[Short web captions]
┏━━

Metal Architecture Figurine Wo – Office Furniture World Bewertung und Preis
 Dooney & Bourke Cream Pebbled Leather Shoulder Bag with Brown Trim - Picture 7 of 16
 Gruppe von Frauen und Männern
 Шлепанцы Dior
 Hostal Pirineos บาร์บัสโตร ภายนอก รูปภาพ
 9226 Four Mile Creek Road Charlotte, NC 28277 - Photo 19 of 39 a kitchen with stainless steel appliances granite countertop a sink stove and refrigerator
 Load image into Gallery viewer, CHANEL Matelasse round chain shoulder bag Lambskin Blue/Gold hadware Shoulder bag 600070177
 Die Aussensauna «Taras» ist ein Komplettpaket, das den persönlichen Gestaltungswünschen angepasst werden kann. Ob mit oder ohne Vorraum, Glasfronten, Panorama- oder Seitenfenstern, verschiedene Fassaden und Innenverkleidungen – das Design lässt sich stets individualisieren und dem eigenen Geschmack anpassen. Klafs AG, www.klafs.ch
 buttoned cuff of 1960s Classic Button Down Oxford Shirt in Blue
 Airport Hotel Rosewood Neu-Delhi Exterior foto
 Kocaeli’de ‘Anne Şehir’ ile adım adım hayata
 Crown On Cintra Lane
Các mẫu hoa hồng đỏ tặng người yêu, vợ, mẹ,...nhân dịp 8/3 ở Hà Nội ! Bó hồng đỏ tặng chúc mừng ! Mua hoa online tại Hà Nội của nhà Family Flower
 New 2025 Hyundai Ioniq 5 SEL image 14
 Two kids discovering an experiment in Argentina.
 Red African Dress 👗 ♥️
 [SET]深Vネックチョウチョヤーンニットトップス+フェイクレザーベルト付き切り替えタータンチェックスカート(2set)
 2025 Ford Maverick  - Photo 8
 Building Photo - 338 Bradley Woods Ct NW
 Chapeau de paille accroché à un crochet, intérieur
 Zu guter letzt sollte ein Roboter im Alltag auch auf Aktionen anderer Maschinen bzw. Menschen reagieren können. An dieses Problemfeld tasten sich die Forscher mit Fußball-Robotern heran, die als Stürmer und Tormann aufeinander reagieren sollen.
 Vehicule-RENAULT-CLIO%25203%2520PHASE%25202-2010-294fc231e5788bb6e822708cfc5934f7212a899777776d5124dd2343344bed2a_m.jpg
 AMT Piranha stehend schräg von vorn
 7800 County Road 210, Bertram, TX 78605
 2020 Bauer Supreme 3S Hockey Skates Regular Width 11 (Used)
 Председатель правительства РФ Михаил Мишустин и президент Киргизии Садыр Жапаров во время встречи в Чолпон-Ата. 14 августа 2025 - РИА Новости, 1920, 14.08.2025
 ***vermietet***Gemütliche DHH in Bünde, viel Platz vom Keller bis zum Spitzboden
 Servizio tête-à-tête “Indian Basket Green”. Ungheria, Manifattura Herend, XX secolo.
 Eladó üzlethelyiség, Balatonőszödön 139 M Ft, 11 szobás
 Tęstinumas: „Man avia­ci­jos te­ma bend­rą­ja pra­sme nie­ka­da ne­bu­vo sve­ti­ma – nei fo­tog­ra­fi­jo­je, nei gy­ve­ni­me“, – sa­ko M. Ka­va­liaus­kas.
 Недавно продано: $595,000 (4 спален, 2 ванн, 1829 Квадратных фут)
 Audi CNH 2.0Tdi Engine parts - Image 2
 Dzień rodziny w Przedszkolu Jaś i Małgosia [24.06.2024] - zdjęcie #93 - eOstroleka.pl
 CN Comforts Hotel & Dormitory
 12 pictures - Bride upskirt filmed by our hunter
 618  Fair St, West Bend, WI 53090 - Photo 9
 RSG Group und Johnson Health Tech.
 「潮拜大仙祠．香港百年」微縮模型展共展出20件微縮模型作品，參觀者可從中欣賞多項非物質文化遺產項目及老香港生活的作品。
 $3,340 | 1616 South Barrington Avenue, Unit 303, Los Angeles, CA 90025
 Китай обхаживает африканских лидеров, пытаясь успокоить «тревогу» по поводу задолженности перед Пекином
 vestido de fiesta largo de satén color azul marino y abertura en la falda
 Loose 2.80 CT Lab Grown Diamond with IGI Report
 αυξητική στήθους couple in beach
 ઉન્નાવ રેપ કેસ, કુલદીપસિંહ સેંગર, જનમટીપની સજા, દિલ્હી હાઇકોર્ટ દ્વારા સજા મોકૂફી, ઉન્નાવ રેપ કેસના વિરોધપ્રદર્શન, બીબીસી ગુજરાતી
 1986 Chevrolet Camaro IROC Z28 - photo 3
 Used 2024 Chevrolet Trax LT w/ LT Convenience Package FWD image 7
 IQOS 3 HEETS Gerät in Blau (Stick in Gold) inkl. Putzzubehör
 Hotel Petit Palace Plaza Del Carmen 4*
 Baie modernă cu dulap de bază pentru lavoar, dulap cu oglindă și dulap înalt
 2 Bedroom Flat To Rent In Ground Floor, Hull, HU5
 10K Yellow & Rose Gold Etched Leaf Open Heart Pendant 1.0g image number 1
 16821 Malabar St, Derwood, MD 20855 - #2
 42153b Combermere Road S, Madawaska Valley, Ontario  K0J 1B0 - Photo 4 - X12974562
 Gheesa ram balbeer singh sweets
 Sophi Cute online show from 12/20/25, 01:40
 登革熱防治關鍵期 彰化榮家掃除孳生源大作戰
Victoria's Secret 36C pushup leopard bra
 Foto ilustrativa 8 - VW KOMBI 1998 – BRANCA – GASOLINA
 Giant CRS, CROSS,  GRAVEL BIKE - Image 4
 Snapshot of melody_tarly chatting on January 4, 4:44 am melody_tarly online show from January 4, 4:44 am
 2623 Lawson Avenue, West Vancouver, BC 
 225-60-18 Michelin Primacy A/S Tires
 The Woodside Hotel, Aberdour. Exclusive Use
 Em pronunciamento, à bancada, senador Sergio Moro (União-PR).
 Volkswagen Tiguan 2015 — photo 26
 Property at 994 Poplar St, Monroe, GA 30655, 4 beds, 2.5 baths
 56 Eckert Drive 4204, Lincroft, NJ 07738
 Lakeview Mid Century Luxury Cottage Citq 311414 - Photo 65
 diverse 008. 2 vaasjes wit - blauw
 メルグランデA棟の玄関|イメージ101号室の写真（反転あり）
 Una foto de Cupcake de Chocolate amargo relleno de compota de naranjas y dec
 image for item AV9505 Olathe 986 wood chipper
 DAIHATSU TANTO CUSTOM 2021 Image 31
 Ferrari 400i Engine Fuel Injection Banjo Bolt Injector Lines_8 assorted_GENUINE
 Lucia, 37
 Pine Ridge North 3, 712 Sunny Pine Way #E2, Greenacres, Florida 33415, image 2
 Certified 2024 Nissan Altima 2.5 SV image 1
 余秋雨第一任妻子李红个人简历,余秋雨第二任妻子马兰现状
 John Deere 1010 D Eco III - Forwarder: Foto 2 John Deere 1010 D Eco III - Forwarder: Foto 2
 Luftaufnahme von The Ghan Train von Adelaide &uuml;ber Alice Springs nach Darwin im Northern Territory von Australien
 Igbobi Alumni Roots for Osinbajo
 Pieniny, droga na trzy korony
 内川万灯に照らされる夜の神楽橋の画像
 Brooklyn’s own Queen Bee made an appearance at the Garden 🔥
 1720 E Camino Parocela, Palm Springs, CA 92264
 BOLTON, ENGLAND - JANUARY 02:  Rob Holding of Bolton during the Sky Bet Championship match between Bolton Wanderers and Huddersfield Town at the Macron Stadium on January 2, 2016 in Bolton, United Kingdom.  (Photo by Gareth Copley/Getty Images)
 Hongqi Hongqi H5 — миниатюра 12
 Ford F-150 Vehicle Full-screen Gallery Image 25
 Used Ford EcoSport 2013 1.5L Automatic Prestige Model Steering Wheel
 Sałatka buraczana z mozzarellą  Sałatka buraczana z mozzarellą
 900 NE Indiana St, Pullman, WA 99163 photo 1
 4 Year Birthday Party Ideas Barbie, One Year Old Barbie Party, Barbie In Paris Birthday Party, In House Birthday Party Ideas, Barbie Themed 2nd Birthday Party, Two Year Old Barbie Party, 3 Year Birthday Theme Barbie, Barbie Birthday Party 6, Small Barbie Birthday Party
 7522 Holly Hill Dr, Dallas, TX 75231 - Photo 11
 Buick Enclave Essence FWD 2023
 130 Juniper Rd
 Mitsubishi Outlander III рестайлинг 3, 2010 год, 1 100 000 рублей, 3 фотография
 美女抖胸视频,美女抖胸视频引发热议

┗━━

• [Work required]:
Transcribe each line of the data above, unaltered, from the one where "Volkswagen Tiguan 2015 — photo 26" appears to the one where "Luftaufnahme von The" appears, inclusive of both.

• [Response]:
 Volkswagen Tiguan 2015 — photo 26
 Property at 994 Poplar St, Monroe, GA 30655, 4 beds, 2.5 baths
 56 Eckert Drive 4204, Lincroft, NJ 07738
 Lakeview Mid Century Luxury Cottage Citq 311414 - Photo 65
 diverse 008. 2 vaasjes wit - blauw
 メルグランデA棟の玄関|イメージ101号室の写真（反転あり）
 Una foto de Cupcake de Chocolate amargo relleno de compota de naranjas y dec
 image for item AV9505 Olathe 986 wood chipper
 DAIHATSU TANTO CUSTOM 2021 Image 31
 Ferrari 400i Engine Fuel Injection Banjo Bolt Injector Lines_8 assorted_GENUINE
 Lucia, 37
 Pine Ridge North 3, 712 Sunny Pine Way #E2, Greenacres, Florida 33415, image 2
 Certified 2024 Nissan Altima 2.5 SV image 1
 余秋雨第一任妻子李红个人简历,余秋雨第二任妻子马兰现状
 John Deere 1010 D Eco III - Forwarder: Foto 2 John Deere 1010 D Eco III - Forwarder: Foto 2
 Luftaufnahme von The Ghan Train von Adelaide &uuml;ber Alice Springs nach Darwin im Northern Territory von Australien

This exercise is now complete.